Marketers who are concerned about messaging and segmentation need to think about how the best sales people operate. Top performers succeed because they focus on a target audience and listen before speaking. This is easier for sales than for marketers, as account reps enjoy a “market of one” on each call. But this goal is behind the decision to do market segmentation at all – marketers need a way to develop a strategy and message that will cause a market full of buyers to see our product, service or solution as an exact fit for their needs.
Most of the companies I know have invested in consultative sales training, teaching sales people how to gather information and tailor messages to the needs of an individual prospect. It strikes me as highly illogical that these same companies are satisfied with creating marketing programs and sales tools that deliver a single message to every buying influencer in every part of their market.
I’m worried about the companies that have added a layer of industry or solution marketing people as a way to address the need for segmentation. Most of these haven’t structured their new marketing groups to replicate the sales process at the level of a part of the market, i.e. to gather deep insights into targeted buying influencers, identify patterns, and then group/segment buyers based on similar pain points and buying processes.
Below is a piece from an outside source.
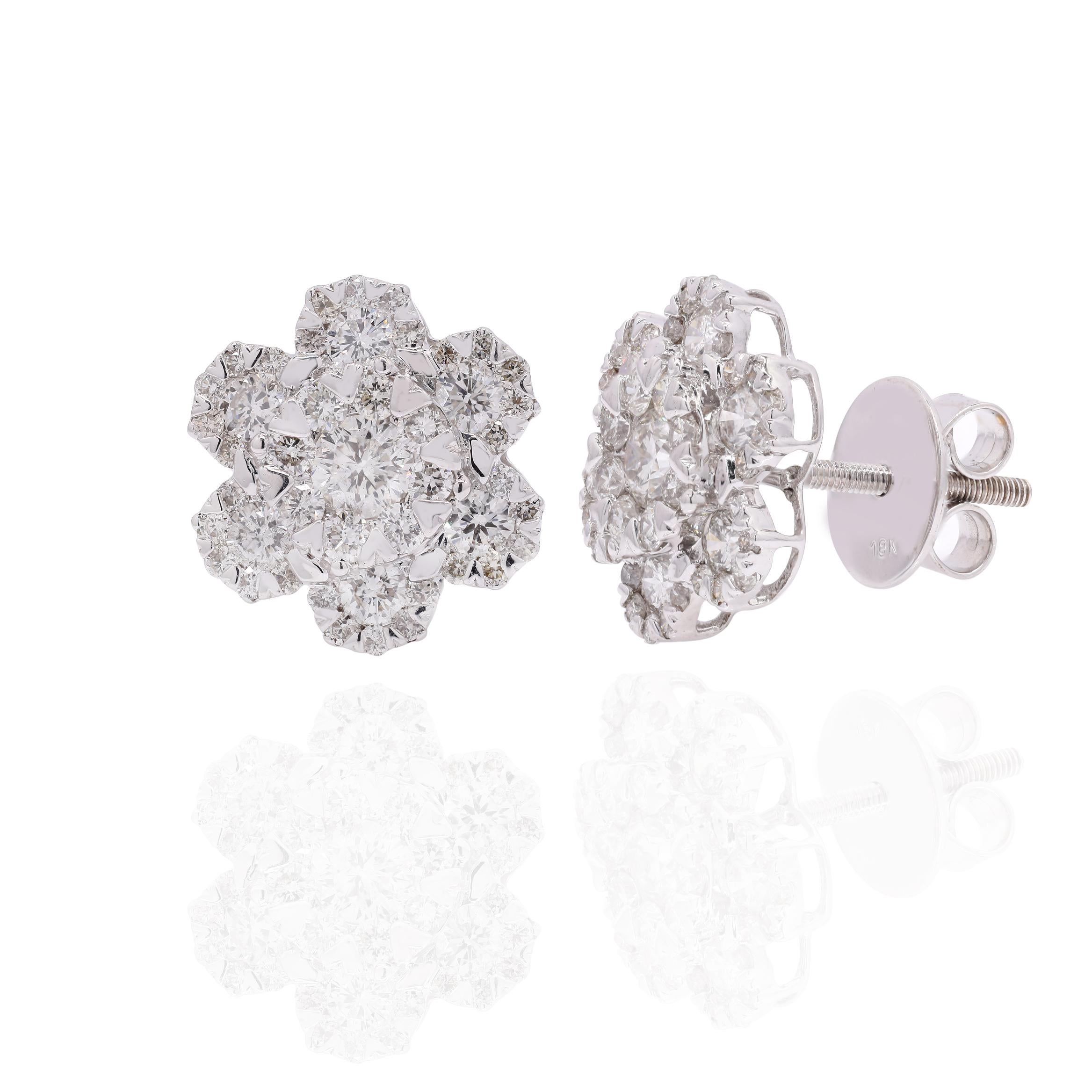 Modern 2.5 Ct Brilliant Diamond Flower Stud Earrings in 18K White Gold, Diamond Studs For Sale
Rarer still are the segment marketers who have the authority and budgets to understand all buying influences and then customize program messages, sales tools, and go-to-market strategies to buying segments. In fact, most of the industry marketing people I meet aren’t marketers at all, but an extension of the sales organization that devote most of their time to helping the reps on prospect calls.
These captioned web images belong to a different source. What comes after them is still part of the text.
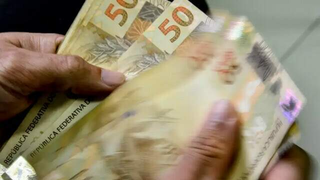 Quase 50 milh&otilde;es de pessoas ainda t&ecirc;m dinheiro esquecido em bancos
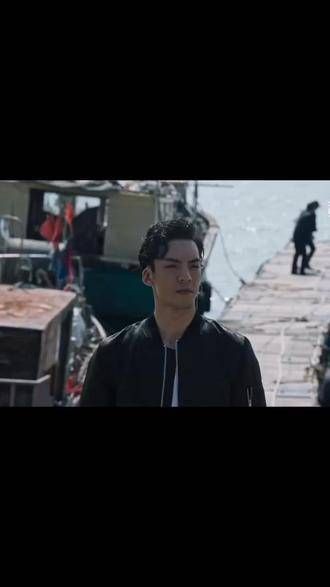都是圈粉的主角,确实是颜狗无疑了,已经被良叔的魅力征服,真是太帅了…
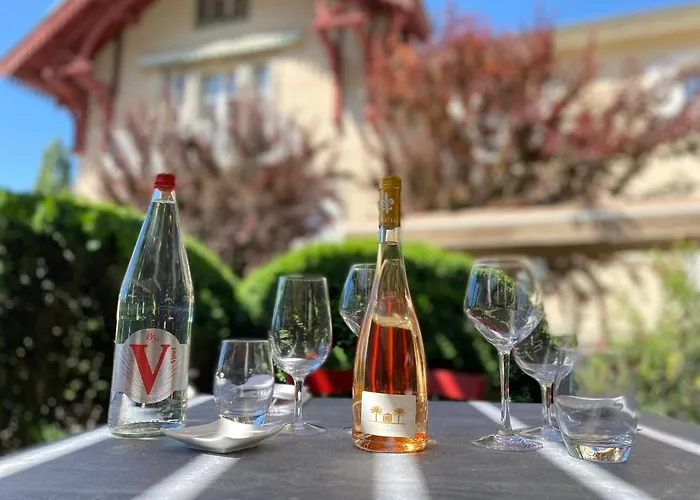 Château Hôtel, Restaurant&spa De La Commanderie Hotel Eybens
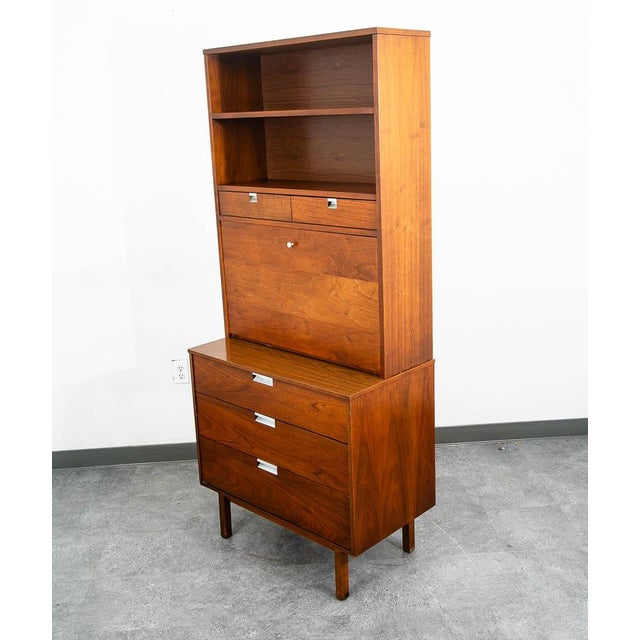 1960s Mid Century Modern China Cabinet Hutch Bassett Walnut Drop Desk Vintage Drawers For Sale - Image 5 of 12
I once had a client who loudly proclaimed that “marketing doesn’t work.” My reply, “poorly executed marketing doesn’t work, and worse yet, it wastes more money than just about anything else you can imagine.” I’m afraid that segment marketing will have the same fate. Companies are making investments in these areas, yet most of the money is being wasted as the skills ,goals and activities of these groups are misaligned with the rest of the go-to-market team.
Companies are staffing segment marketing groups with people who have been in the industry, which is a good starting point for thinking like the customers. But these people aren’t trained as marketers, and they rarely have the influence or budgets needed to improve the company’s go-to-market strategies.
Segment marketing people need to avoid too much reliance on their histories in prior jobs and their time with the sales people. Market segment experts need to get out of the office and meet people who aren’t currently evaluating the company’s offerings, identifying groups of buyers who share the same problems, buying criteria, information gathering process, and influence over the purchase decision. Depending on the company’s offerings, there may not be “differences that make a difference” in how we should market to people based on demographics such ascompany size, industry, or geography. Segment marketers need to look much deeper, to really grok the people who influence buying decisions, being vigilant for new insights and patterns that will allow us to reach out to a group of people and create the experience that there is an exact match with our solutions.